Using principal component analysis in SPSS, a common factor score was calculated based on the scores of the three measures for attachment (Coherence subscale of CAI, scriptedness score of MC ASA, and Trust subscale of PIML) (see Braet et al., 2013). This multi-method compound score reflects the common variance between the scores on the three measures of attachment, or in other words, the extent to which the three measures overlap on secure attachment. One factor with an eigenvalue higher than 1 (1.53) that explained 50.95% of variance was extracted with the Coherence subscale of the CAI loading .83 on this factor, the MC ASA .78, and the Trust subscale .47. As loadings above .30 suggest that items contribute relevantly to a latent factor (Field, 2005), all indicators were retained when calculating the factor score.
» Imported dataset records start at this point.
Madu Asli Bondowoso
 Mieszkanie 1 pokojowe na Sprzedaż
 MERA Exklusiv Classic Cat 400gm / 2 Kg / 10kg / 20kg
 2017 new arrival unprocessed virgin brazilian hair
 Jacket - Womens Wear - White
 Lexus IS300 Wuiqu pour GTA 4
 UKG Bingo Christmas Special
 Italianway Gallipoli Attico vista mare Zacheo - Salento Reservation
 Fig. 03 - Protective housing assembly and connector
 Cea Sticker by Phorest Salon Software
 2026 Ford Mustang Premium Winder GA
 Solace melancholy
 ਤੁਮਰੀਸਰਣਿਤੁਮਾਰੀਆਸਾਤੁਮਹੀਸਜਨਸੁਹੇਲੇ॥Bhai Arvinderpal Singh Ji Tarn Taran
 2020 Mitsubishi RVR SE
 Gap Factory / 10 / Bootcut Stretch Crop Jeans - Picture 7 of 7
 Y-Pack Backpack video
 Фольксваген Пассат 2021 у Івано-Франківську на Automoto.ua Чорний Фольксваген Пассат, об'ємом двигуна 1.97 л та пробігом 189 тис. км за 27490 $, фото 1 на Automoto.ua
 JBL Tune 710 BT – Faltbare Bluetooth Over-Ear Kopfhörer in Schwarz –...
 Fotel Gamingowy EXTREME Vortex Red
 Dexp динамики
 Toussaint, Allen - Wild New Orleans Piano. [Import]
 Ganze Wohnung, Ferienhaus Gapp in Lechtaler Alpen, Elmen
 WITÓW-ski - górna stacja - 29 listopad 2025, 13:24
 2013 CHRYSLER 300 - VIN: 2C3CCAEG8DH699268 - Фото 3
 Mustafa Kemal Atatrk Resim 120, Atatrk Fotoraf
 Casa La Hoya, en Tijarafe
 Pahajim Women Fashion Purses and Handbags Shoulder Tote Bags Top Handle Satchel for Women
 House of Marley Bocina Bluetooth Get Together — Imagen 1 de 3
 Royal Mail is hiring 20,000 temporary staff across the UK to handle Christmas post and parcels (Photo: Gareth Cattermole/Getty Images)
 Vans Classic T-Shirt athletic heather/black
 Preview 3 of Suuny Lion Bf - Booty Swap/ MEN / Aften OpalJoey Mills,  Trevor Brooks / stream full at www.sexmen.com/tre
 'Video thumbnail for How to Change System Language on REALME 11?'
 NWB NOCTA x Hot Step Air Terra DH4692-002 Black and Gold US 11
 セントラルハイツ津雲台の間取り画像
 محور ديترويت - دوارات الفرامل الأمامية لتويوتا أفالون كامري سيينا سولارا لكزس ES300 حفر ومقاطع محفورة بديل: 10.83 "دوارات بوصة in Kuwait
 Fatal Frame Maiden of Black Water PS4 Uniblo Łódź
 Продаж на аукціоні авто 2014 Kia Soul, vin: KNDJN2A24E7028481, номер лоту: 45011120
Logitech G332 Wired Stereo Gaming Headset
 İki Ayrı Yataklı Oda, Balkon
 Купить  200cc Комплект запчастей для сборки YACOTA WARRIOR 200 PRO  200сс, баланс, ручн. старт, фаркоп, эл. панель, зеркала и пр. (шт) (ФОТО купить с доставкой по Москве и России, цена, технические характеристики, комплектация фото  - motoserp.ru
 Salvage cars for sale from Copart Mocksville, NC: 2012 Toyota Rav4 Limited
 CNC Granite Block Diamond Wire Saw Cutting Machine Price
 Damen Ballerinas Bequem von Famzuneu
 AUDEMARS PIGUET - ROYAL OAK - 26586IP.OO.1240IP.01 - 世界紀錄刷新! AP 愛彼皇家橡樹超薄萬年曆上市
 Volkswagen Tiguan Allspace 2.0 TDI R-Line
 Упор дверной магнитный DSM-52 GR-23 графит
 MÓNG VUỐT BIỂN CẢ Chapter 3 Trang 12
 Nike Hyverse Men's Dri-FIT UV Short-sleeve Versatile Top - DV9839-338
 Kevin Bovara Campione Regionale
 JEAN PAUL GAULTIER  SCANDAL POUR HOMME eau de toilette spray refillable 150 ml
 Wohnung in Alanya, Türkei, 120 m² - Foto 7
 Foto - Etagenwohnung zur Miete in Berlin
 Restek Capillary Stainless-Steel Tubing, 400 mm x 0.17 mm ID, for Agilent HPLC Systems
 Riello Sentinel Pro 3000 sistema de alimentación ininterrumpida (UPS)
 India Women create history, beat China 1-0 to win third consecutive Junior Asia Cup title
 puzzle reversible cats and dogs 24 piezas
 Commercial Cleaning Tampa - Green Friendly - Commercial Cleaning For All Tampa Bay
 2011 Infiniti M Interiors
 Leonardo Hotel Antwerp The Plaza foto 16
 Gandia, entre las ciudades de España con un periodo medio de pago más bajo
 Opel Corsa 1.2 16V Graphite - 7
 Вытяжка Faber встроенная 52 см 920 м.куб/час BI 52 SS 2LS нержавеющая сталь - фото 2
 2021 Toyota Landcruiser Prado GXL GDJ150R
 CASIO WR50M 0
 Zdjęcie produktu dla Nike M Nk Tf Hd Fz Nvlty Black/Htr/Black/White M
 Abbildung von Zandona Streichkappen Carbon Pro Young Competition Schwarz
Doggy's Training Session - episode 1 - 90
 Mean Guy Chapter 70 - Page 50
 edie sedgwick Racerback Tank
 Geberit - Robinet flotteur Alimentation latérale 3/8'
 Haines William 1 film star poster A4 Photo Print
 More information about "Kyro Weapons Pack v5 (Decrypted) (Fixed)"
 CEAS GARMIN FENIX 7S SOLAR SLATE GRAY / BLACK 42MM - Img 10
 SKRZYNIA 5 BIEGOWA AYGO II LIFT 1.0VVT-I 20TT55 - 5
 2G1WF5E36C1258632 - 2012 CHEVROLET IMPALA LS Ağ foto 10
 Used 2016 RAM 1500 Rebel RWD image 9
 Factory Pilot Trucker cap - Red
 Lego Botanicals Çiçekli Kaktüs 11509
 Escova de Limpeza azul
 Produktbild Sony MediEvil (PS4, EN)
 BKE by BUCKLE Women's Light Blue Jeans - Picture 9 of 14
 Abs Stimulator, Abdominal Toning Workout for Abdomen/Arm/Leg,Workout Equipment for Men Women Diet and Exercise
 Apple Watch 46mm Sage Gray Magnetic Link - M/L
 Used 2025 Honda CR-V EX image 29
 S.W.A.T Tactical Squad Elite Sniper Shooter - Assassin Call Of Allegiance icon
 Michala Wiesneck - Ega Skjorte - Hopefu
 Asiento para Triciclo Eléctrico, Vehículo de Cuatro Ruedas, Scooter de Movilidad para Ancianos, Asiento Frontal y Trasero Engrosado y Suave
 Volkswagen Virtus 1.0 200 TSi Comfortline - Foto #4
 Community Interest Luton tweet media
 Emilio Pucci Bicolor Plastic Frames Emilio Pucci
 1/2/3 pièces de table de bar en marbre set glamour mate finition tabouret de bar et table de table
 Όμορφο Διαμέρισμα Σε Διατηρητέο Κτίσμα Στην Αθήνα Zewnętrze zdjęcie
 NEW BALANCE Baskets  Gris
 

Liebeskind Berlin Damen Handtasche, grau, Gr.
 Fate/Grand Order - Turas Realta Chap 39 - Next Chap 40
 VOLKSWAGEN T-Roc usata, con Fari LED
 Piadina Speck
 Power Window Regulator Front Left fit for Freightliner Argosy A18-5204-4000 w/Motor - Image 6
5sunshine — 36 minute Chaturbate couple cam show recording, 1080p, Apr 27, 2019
Children retrospectively reported at T2 and T3 on typically occurring stressors they experienced in the past three months of their lives in the Adolescent Life Events Questionnaire (ALEQ; Hankin & Abramson, 2002). In the current study, a shortened version of this questionnaire was administered with 40 items including 18 major life events and 22 daily hassles (Bastin, Mezulis, Ahles, Raes, & Bijttebier, 2015). For the analyses, we only used the daily hassles such as relationship difficulties (i.e., “You had an argument with a close friend”), and family problems (i.e., “You had a fight with parents over personal goals, desires, or choice of friends”). For this subset of items, children have to indicate on a 4-point Likert scale ranging from 0 (never) to 4 (always) how often a certain negative event has happened. These 22 items were averaged to obtain a mean score of distress. Supporting the validity of the ALEQ, ALEQ scores correlate highly to golden standard interview measures of stress (e.g., Bosmans et al., 2018).
Children reported at T1, T2, and T3 on cognitive, affective and behavioral symptoms of depression that they had experienced in the past two weeks in the Children’s Depression Inventory (CDI; Kovacs, 2003; Dutch translation by Timbremont & Braet, 2002). For the 27 items of this questionnaire, participants have to indicate which from three descriptions fits best (e.g., “I feel like crying every day/many days/sometimes.”). Their answers are scored on a 3-point rating scale ranging from 0 to 2, with a higher score reflecting higher symptom severity. The scores on the 27 items were averaged to a mean score for self-reported depressive symptoms. Research has demonstrated that the CDI is reliable and valid (Kovacs, 2003; Saylor, Finch, Spirito, & Bennett, 1984) and can be used to discriminate children with major depressive disorders from non-depressed children (Kovacs, 2003). The internal consistency of self-reported depressive symptoms at T1 (α = .81), T2 (α = .82), and T3 (α = .84) was good.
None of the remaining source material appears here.